Now knowing the magnitude of these figures for every business in the country may have satisfied the idle curiosity of those in the Tax Office, but it does very little else. If the numbers are needed for statistical or for enforcement purposes then that can be done on some sampled basis.

The political blow up that was caused was the only political storm that I can think of about red tape. The Government was really quite worried about it. They could have said to the bureaucrats “stuff you, we’ve got elections to win, give us a two box form. GST collected minus GST paid equals GST owing. And if you have any other data needs, get them by sampling and specific compliance audits.” (This was a government elected on a platform of halving red tape!).

But despite no great fondness for bureaucrats, they couldn’t even manage that. The new form contains various bits and pieces that are unnecessary and can be quite a pain. For instance most businesses will want to separate out capital and non-capital purchases, but need that be done each time a BAS is supplied? Again, it’s not such a big deal, but it’s unnecessary. The formula is GST owing equals GST collected minus GST paid that should be all you need, with additional information appearing in (generally) annual tax returns as appropriate.

One of the things that really irked me is that one couldn’t simply pay in installments without doing any calculations and then make up the difference with a reconciliation at the end of the year. Of course like the old provisional tax one can leave this to self assessment with penalties designed to prevent interest free loans from the tax office. It’s all pretty basic stuff.
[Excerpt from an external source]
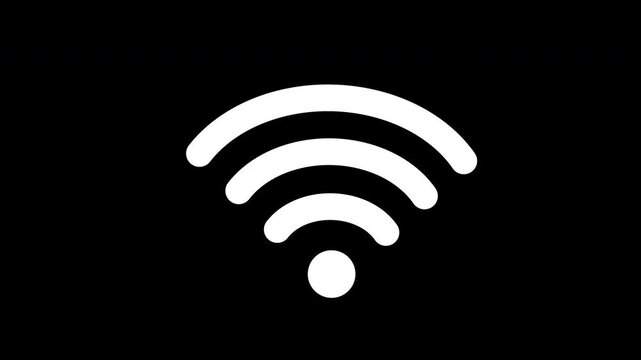 a white wifi icon concept loop animation video with alpha channel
Finally an installment method came in, but remained unavailable to any business that received GST refunds (I think in any quarter of the previous year. Tough luck if that was you. Of course it’s not hard to work out a rationale for this the Government could have been forking out money to people who then shot through. But it’s also not hard to work out that getting people to fill in forms isn’t exactly much of a safeguard against milking the system. And if that’s the problem there are ways of addressing it without preventing all the people in a whole class making use of the installment method.

When I finally got onto the installment method it was marvelous. Just pay up and reconcile each year. Then it turned out that that wasn’t the game at all. On the first BAS each year you had to elect the installment method and if you didn’t you irrevocably defaulted back to filling in BASs for a year.
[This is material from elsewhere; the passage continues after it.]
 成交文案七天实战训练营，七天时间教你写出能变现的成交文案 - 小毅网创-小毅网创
Such was my luck last year. Reading all the gobbledygook from the ATO quickly I imagined silly me that if I was on the installment method, I’d stay on it until there was a good reason to take me off it.

My quarterly installment of three pages of gumph from the ATO now reveals that there’s a terrific new development.

In the past you had to re-elect the GST installment option each year when you lodged your activity statement for the first quarter of the year. From this year onward you will not have to re-elect the GST installment option. As long as you satisfy the eligibility requirements, we will send you an installment notice for each quarter, including quarter one, and you simply need to pay the amount shown by the due date.

Source: Australian Taxation Office

Almost commonsensical really. Makes you wonder why it took five years to think of it. Still you can’t do this if you’re in a net GST refund position or if you’re turnover is more than $2 million. I can understand their point fo view. If we let just anyone use the system, well then – just about anyone might use it. And then where would we be?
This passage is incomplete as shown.